First I started doing the typical Inserts inside a transaction. But finally using ORM with batched inserts.
So, i got a 20 million lines text file, and made a simple test, get line, insert in a simple test table. But started getting out of memory exceptions.
I've used this little function to test used memory
function MemoryUsed: cardinal;
var
st: TMemoryManagerState;
sb: TSmallBlockTypeState;
begin
GetMemoryManagerState(st);
result := st.TotalAllocatedMediumBlockSize + st.TotalAllocatedLargeBlockSize;
for sb in st.SmallBlockTypeStates do begin
result := result + sb.UseableBlockSize * sb.AllocatedBlockCount;
end;
end;
Ran it again and watched memory going up until it hit 2GB, exception and stopping working.
So I thought that I need to do "db.BatchSend(batch)" every x lines to free the memory used by the Batch process. I am bulding a 32bit executable,
but I think I am doing something bad, because 2GB must be enough for this simple test.
I know the AutomaticTransactionPerRow, so this commiting of mine is superflous?
I am following the ORM batch example: (... = omitted non interesting code) All strings are rawutf8.
db := TSQLRestServerDB.CreateWithOwnModel([TSQLstest],'c:\test.db3');
...
db.DB.LockingMode := lmExclusive;
db.DB.Synchronous := smOff;
db.CreateMissingTables;
...
batch := TSQLRestBatch.Create(db,TSQLstest,1000);
stest := TSQLstest.Create; //class(TSQLRecord)
...
try
repeat
readln(tfile,s1);
inc(cline);
stest.st:=s1;
batch.add(stest,true);
if (cline mod COMMIT_COUNT=0) then
begin
db.BatchSend(batch);
Writeln(cLine);
Writeln('Memory used intracommits = ', IntToThousandString(MemoryUsed));
end;
until eof(tfile);
finally
stest.free;
end;
db.BatchSend(batch); //the rest of pending batch adds
db.Free;
Very simple stuff, but memory is not free, and keeps growing until it breaks.

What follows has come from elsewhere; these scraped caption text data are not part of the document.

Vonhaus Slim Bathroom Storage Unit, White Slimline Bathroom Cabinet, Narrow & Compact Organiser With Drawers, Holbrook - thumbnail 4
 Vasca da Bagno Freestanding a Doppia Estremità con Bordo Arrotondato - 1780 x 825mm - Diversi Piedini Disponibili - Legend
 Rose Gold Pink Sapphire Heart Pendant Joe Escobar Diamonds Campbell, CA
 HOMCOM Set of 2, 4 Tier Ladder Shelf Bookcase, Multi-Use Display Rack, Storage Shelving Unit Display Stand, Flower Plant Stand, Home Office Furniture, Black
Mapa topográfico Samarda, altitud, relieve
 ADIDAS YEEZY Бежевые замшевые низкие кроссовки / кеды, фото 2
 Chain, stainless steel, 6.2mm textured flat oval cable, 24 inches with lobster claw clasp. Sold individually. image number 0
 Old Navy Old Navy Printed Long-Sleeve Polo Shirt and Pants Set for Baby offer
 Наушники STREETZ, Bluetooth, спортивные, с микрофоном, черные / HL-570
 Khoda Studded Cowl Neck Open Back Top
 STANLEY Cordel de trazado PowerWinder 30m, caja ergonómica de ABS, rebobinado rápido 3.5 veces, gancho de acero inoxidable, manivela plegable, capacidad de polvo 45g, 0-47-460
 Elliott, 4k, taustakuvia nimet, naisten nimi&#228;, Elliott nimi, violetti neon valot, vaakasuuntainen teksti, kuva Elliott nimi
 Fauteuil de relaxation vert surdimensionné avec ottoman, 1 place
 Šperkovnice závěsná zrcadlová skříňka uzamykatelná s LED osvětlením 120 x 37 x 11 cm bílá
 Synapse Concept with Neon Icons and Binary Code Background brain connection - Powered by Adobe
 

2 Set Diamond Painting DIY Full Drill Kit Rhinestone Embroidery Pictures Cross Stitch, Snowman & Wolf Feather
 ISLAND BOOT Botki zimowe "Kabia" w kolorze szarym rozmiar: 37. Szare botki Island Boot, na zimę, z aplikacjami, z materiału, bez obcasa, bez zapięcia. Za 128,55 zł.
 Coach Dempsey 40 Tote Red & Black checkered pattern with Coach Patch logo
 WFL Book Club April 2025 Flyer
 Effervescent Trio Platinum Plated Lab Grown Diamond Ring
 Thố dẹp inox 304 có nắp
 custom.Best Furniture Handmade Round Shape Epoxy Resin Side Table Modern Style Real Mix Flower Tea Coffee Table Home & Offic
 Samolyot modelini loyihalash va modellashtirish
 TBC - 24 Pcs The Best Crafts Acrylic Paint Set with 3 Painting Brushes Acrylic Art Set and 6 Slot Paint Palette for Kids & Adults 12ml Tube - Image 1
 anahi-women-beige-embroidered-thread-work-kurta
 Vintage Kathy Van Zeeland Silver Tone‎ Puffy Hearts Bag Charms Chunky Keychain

I am doing something wrong? do i need to free the batch after sending it, and re-create them? Or use a reset after send?
Edit: tested reseting the batch after a send but memory keeps growing. So Reset don't solved this.
First I thought i was leaking memory. So I've used MadExcept for testing memory leaks and other errors. But this test is not leaking memory, all is green with MadExcept,
but just one case in Mormot initialization (minor one). But not leaking for my part.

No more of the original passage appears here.